A team from Honda Research Institute USA Inc. (HRI-US) announced the development of a “nanoribbon” material that supports protected quantum communication for transmitting sensitive data.
Nanoribbons measure tens of atoms wide and one atom thick. According to HRI-US, the researchers’ nanoribbon growing method enables control over the materials’ width, thickness, and electronic properties.
Creating an Encryption Key
The HRI-US researchers and collaborators encoded information onto individual photons emitted by their nanoribbon material. The photon stream could then facilitate data creation and transmission. In this process, the sender transmits photons in one of two quantum states, the recipient measures them, and the two parties create an encryption key. Eavesdropping will disrupt the states, causing detectable errors.
Controlling Thickness
HRI-US Principal Scientist Xufan Li explained that the team created a single atomic-layer nanoribbon from materials like tungsten diselenide and molybdenum disulfide, and used metal-alloyed nanoparticles to help initiate nanoribbon growth. This allowed the team to control nanoribbon width down to seven nanometers.

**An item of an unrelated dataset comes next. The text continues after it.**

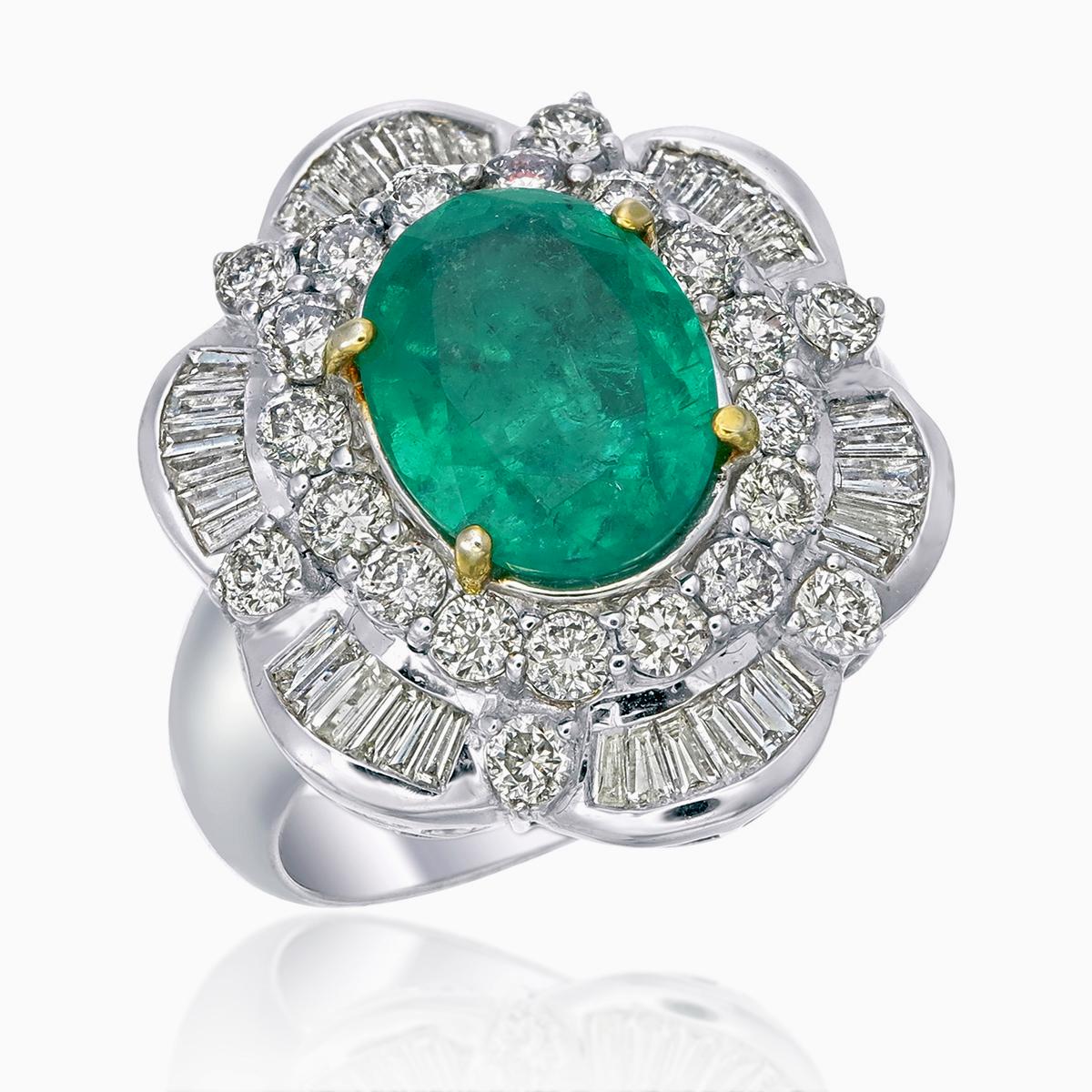 This ring features a 4.00-carat AGL-certified emerald from Ethiopia (Certificate number AGL Thai-0033983), showcasing its green hue. Surrounding the emerald are 0.46 carats of tapered baguette diamonds and 1.04 carats of round-cut diamonds, creating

The scientists then transferred the nanoribon material over a cone-shaped probe’s tip. This created an electronic structure on the cone’s tip that emitted single photons when exposed to a laser beam.
Achieving 90% Purity
Senior Chief Scientist Avetik Harutyunyan said the nanoribbons demonstrated impressive strain-induced and width-dependent electronic characteristics and quantum emission properties, with the stream’s single-photon purity reaching 90%.